→ TASK OBJECTIVE:
Only the text is wanted; write out each record below exactly and exclude all pictures.
++++
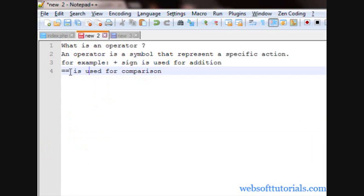Like here one more example, that is double equal to is used for comparison, means it will compare two values, whether these values are equal to each other or not.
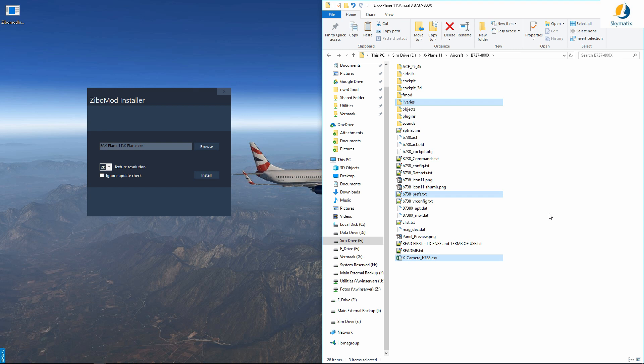What you do next is you're going to have to select 4k or 2k. For our purposes, I'm just going to use 2k. I do not use 4k right now.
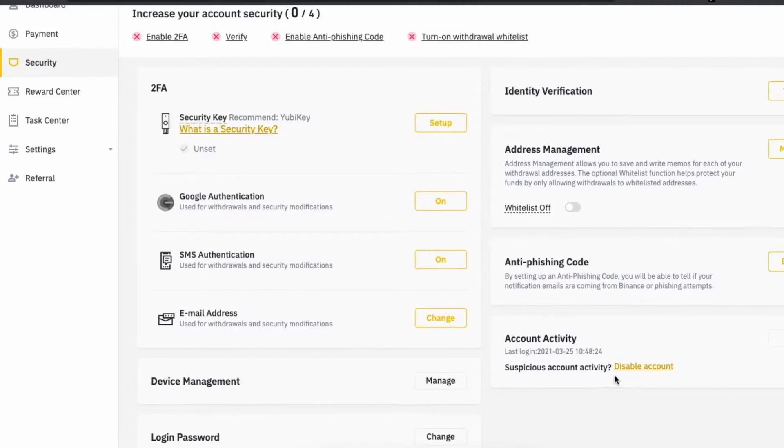In the security section, on the right and lower side of your screen, you'll see Account Activity and Disable Account. Just tap here.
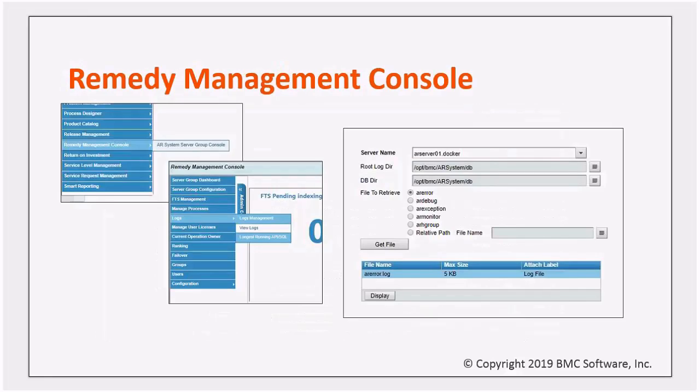The remedy management console link on the applications flyout menu is used to launch the AR system server group console, where you'll find the view logs form under the logs option. The form allows you to choose the server you want to view the logs from and the file to view.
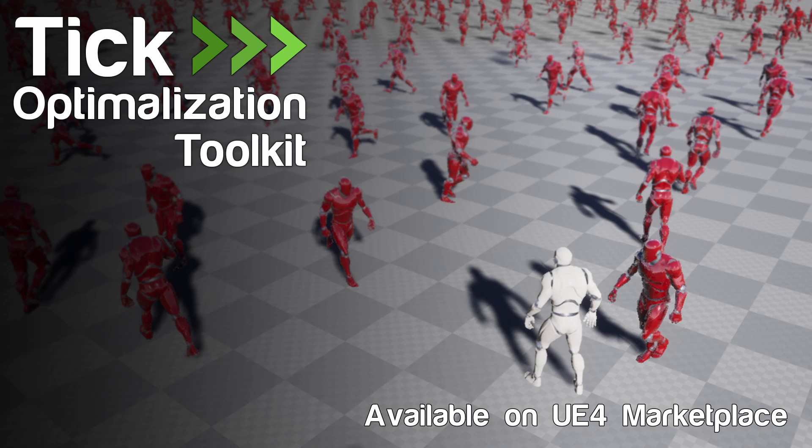If you want to know more about the tick optimization toolkit plugin, you'll find links to other tutorials and documentation in the description. And if you don't yet have the plugin in your library, the link to the Unreal Engine marketplace is also in the description.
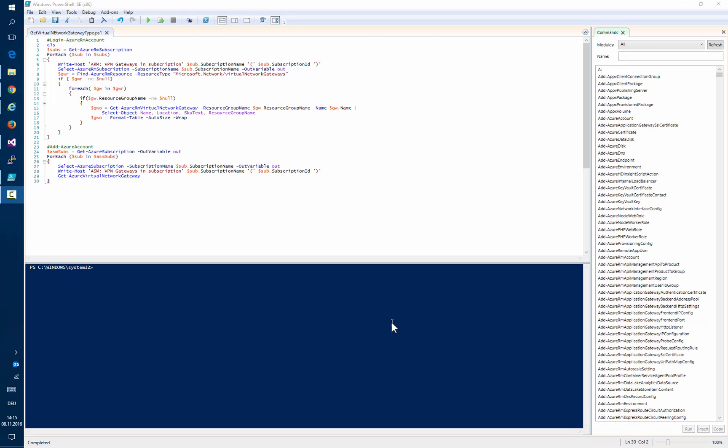There is a simple PowerShell script which we can execute to find out the SKU or the type of the gateway we are using.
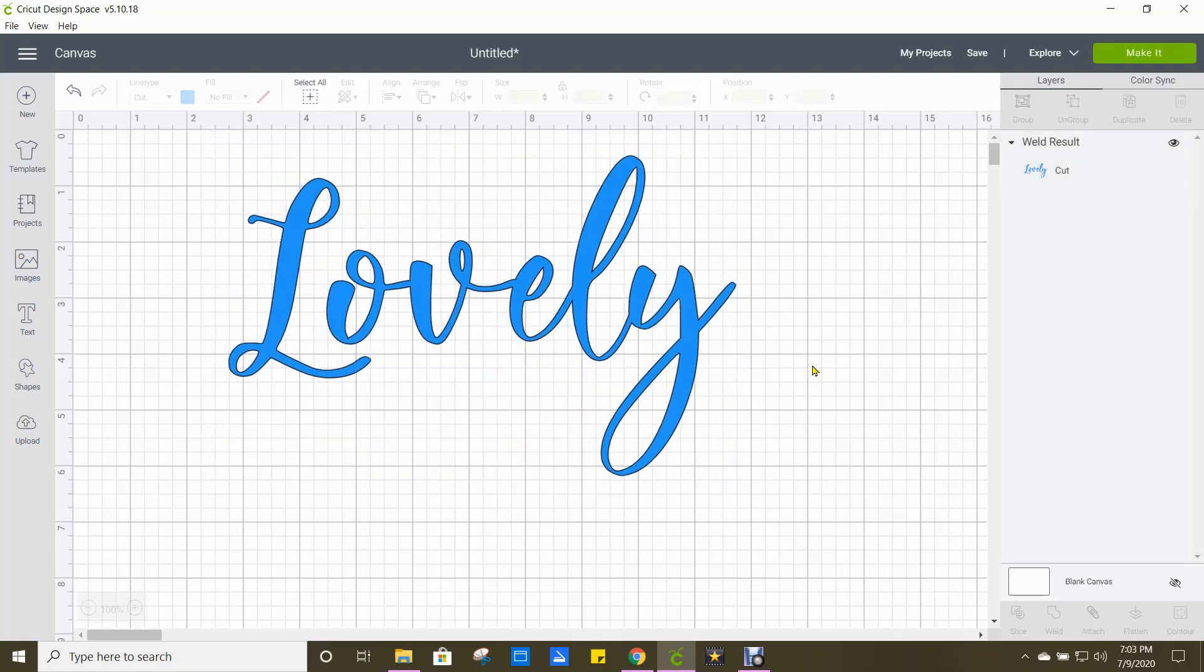And that's it. It's as simple as that. It literally takes just a couple of seconds. So if ever you hear somebody tell you to weld your letters, that's how you do it.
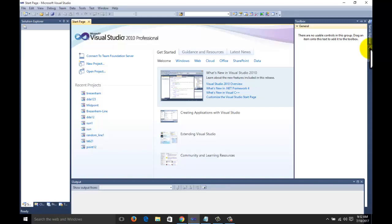Hi guys, welcome to the tutorial of computer graphics programming with OpenGL graphics library in Visual Studio. Today we will learn about the midpoint circle generation algorithm. Another name for this one is Bresenham's circle generation algorithm.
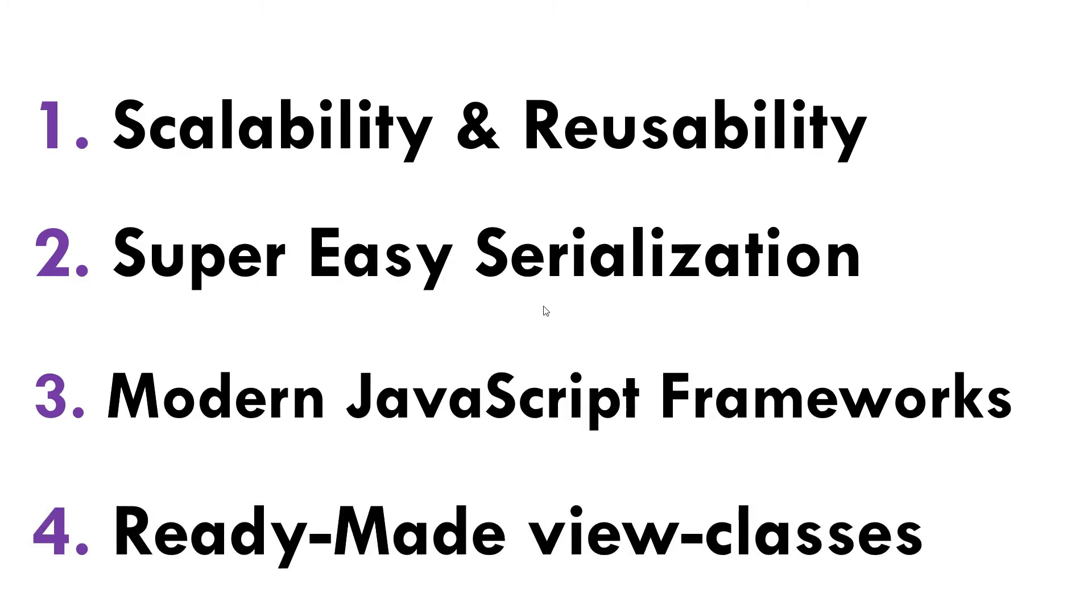And the final one would be the class-based views, because DRF actually gives you a lot of view classes. Those are like four or five lines of code and they are quite easy to implement.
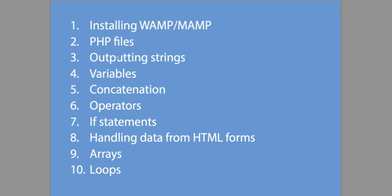So let's just take a quick look at what we're going to be learning today. First we need to install some software if you want to execute PHP files on your computer. Then we'll take a look at an actual PHP file and how to start programming. We'll cover outputting strings, variables, concatenation, operators, if statements, forms, arrays, and loops.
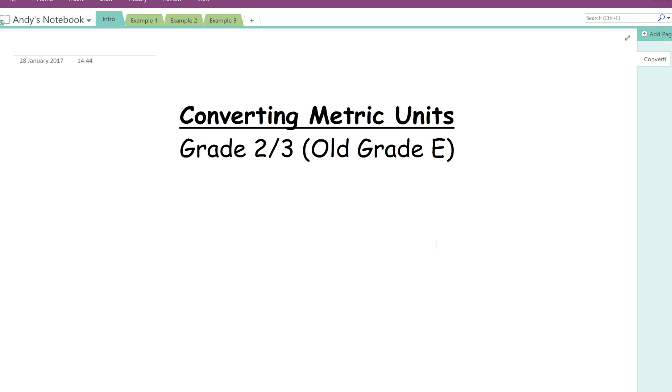Hello, it's Mr. Thompson here. I'm going to talk you through today how to convert between metric units. In old terms, that's a grade E at GCSE. In new terms, it's around about the grade 2-3 mark.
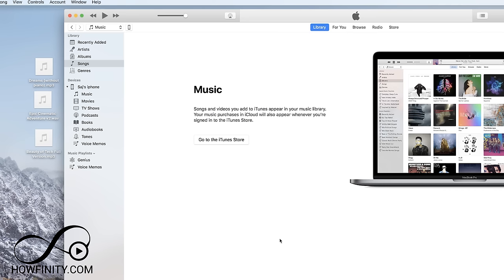Hey everyone, in this video I wanted to show you how you could take music from a computer and put it onto your iPhone.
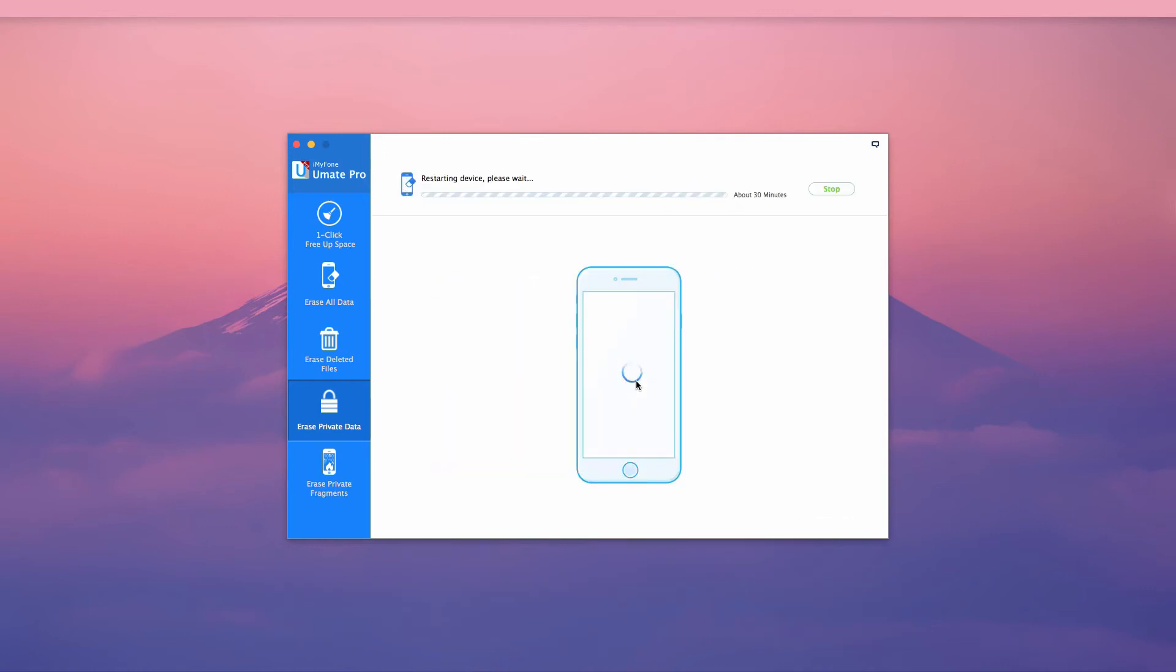iMyPhone U-Mate Pro provides a safe and easy solution to clearing recent calls and making them unrecoverable. All right.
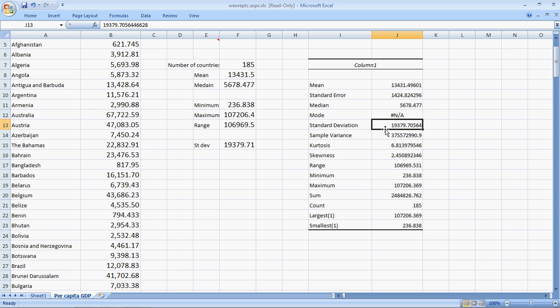So, we have a very easy way to calculate all the descriptive statistics needed for data analysis for even large data using Microsoft Excel. Thank you for watching.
++++
→ RESPONSE AREA:
Like here one more example, that is double equal to is used for comparison, means it will compare two values, whether these values are equal to each other or not.
What you do next is you're going to have to select 4k or 2k. For our purposes, I'm just going to use 2k. I do not use 4k right now.
In the security section, on the right and lower side of your screen, you'll see Account Activity and Disable Account. Just tap here.
The remedy management console link on the applications flyout menu is used to launch the AR system server group console, where you'll find the view logs form under the logs option. The form allows you to choose the server you want to view the logs from and the file to view.
If you want to know more about the tick optimization toolkit plugin, you'll find links to other tutorials and documentation in the description. And if you don't yet have the plugin in your library, the link to the Unreal Engine marketplace is also in the description.
There is a simple PowerShell script which we can execute to find out the SKU or the type of the gateway we are using.
And that's it. It's as simple as that. It literally takes just a couple of seconds. So if ever you hear somebody tell you to weld your letters, that's how you do it.
Hi guys, welcome to the tutorial of computer graphics programming with OpenGL graphics library in Visual Studio. Today we will learn about the midpoint circle generation algorithm. Another name for this one is Bresenham's circle generation algorithm.
And the final one would be the class-based views, because DRF actually gives you a lot of view classes. Those are like four or five lines of code and they are quite easy to implement.
So let's just take a quick look at what we're going to be learning today. First we need to install some software if you want to execute PHP files on your computer. Then we'll take a look at an actual PHP file and how to start programming. We'll cover outputting strings, variables, concatenation, operators, if statements, forms, arrays, and loops.
Hello, it's Mr. Thompson here. I'm going to talk you through today how to convert between metric units. In old terms, that's a grade E at GCSE. In new terms, it's around about the grade 2-3 mark.
Hey everyone, in this video I wanted to show you how you could take music from a computer and put it onto your iPhone.
iMyPhone U-Mate Pro provides a safe and easy solution to clearing recent calls and making them unrecoverable. All right.
So, we have a very easy way to calculate all the descriptive statistics needed for data analysis for even large data using Microsoft Excel. Thank you for watching.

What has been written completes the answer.